**TO DO**
The required answer is the data below, restated word for word with images omitted.

:: DATA EXTRACT ::

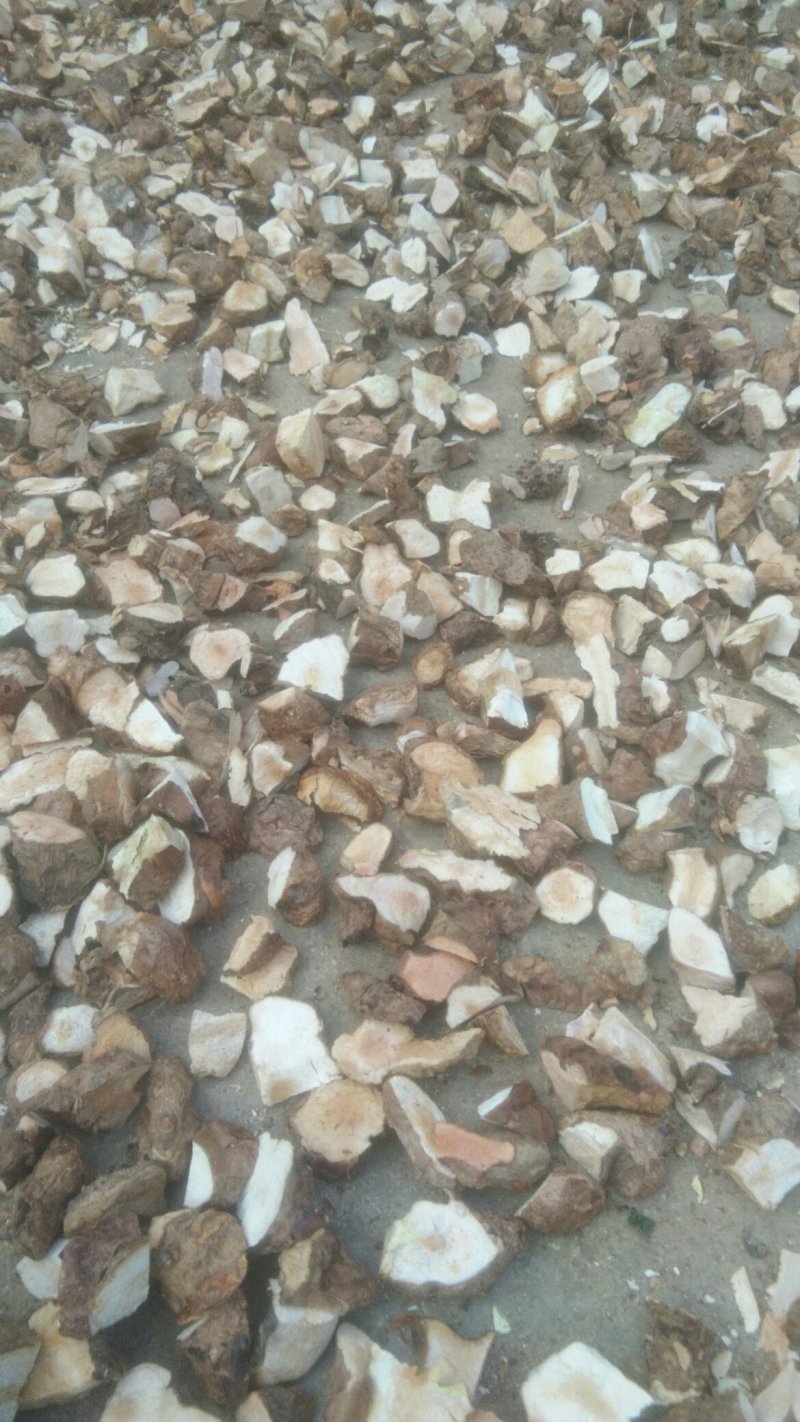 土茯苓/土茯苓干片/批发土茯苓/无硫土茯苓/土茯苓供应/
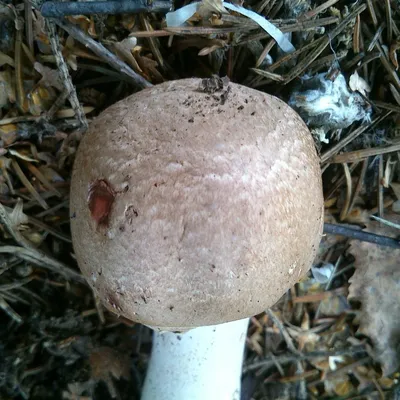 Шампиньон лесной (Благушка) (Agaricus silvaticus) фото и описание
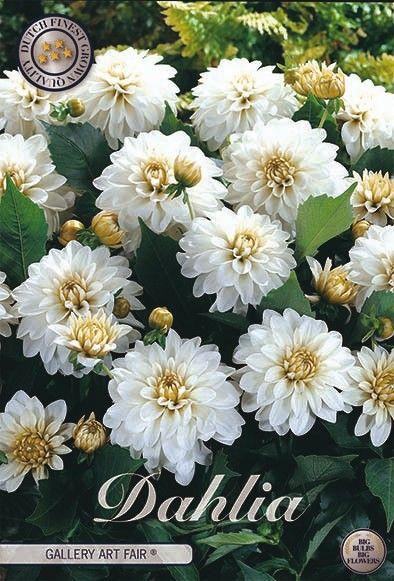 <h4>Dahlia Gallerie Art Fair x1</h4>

:::

**EXERCISE SOLUTION**
 土茯苓/土茯苓干片/批发土茯苓/无硫土茯苓/土茯苓供应/
 Шампиньон лесной (Благушка) (Agaricus silvaticus) фото и описание
 <h4>Dahlia Gallerie Art Fair x1</h4>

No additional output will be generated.